Ten years on from my shark encounter in the Galápagos, I have swapped snow for sand and find myself ‘working’ at a tropical beach in sunny North Queensland, Australia. It is all very romantic: long walks on the beach, palm trees swaying in the salty sea breeze, golden sunrises dancing across the water as the tide floods in, and locals lazing around in the water. The locals I’m referring too in this case, however, are stingrays. Stingrays love sand flats and sandy beaches in Australia. The shallow water provides protection from predators and the abundance of invertebrates buried in the sediment is an all-you-can-eat buffet. Stingrays are messy eaters. They excavate food from the sediment by flapping their fins and jetting water out their mouths, creating huge plumes of sand and mud in the water. When the ray moves on and the dust settles, there remains a hole where it had been feeding. Then when the tide recedes and the rays retreat to their low-tide resting areas, the exposed sand flats are left covered in little pock-marks, evidence of the stingray smorgasbord that occurred during the previous high tide.

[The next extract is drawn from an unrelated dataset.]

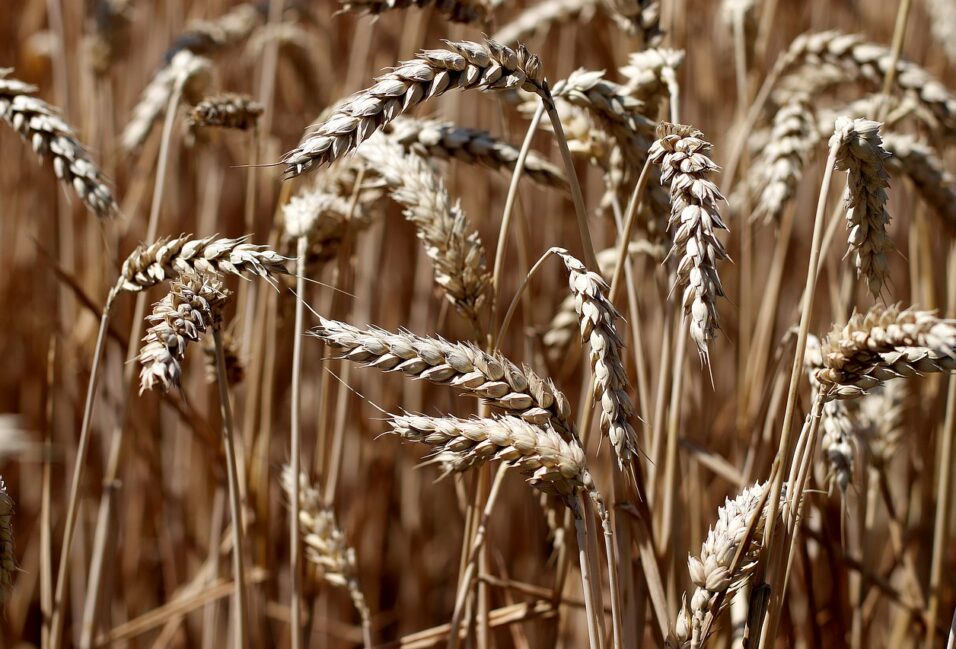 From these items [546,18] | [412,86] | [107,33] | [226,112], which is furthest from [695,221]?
[107,33]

For my research, I am developing innovative data collection methods that use drone technology to assess the roles of rays on coastal sand flats. Essentially, I am a stingray stalker. I follow rays with a drone and record video of their behaviour, which I can analyse later to establish behavioural patterns. Stingrays are the perfect subjects to study using drones. Their broad, flat shape makes them easy to identify from above, their disruptive foraging makes it easy to see when individuals are eating, and the conspicuous pits left on the sand flat after feeding make it possible to document foraging activity in large expanses of sand flat. By analysing video of individual rays, I can determine how many times an individual feeds throughout the tidal cycle and how many feeding pits are formed, and I can identify which key areas are used for foraging. Additionally, by mapping a section of the sand flat, I can count the total number of feeding pits created during the preceding high tide.
Results from this research will not only highlight the important roles stingrays play in coastal sand flats, but will provide a useful tool for assessing the foraging impacts of rays on sand flats that can be applied on a global scale. In addition, by combining individual foraging rates with feeding pit counts, I will determine whether the total number of feeding pits can be used to estimate the abundance of batoids on a sand flat. If successful, this technique has broad application potential for monitoring batoid populations that will be vital for their conservation.